#### [Recorded information]
"""

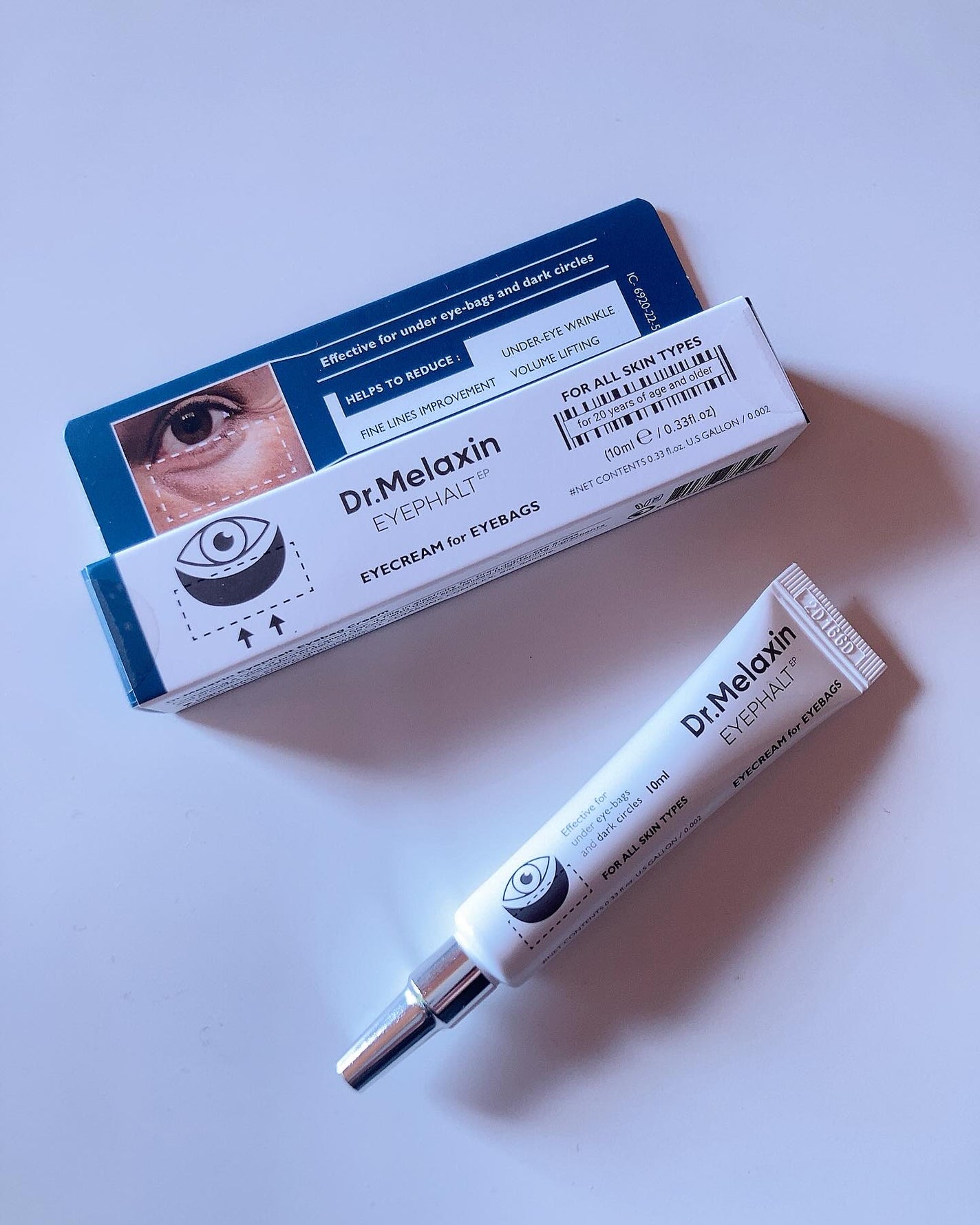 アイファルトアイバッククリーム/Dr.Melaxin/アイケア・アイクリームを使ったクチコミ(1枚目)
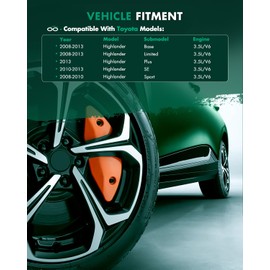 SCITOO CV Axle Shaft Assembly Front Right for Toyota for Highlander 3.5L 2008-2013 66-5303 AWD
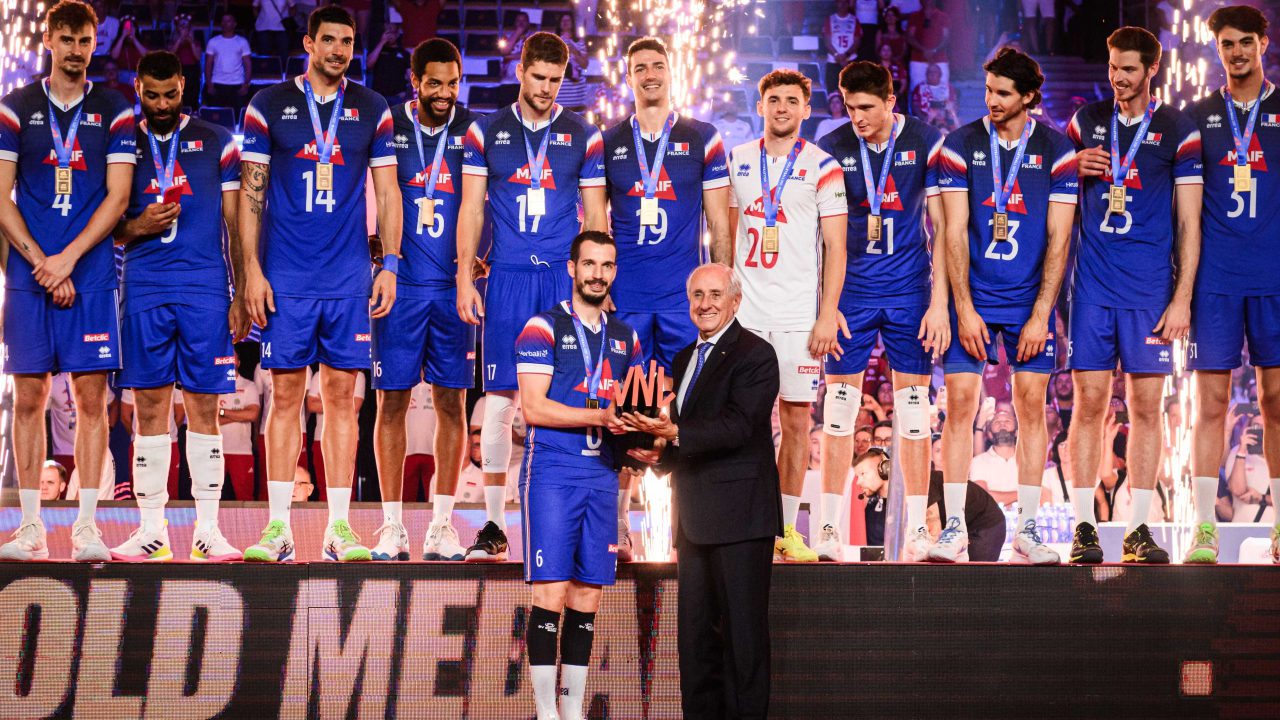 FRANCE REGAIN VNL TITLE, JAPAN WINS HISTORIC SILVER, POLAND COMPLETE ...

"""

#### [Description of the task]
Make an exact copy of the listing above, omitting the pictures.

#### [Solved problem]
 アイファルトアイバッククリーム/Dr.Melaxin/アイケア・アイクリームを使ったクチコミ(1枚目)
 SCITOO CV Axle Shaft Assembly Front Right for Toyota for Highlander 3.5L 2008-2013 66-5303 AWD
 FRANCE REGAIN VNL TITLE, JAPAN WINS HISTORIC SILVER, POLAND COMPLETE ...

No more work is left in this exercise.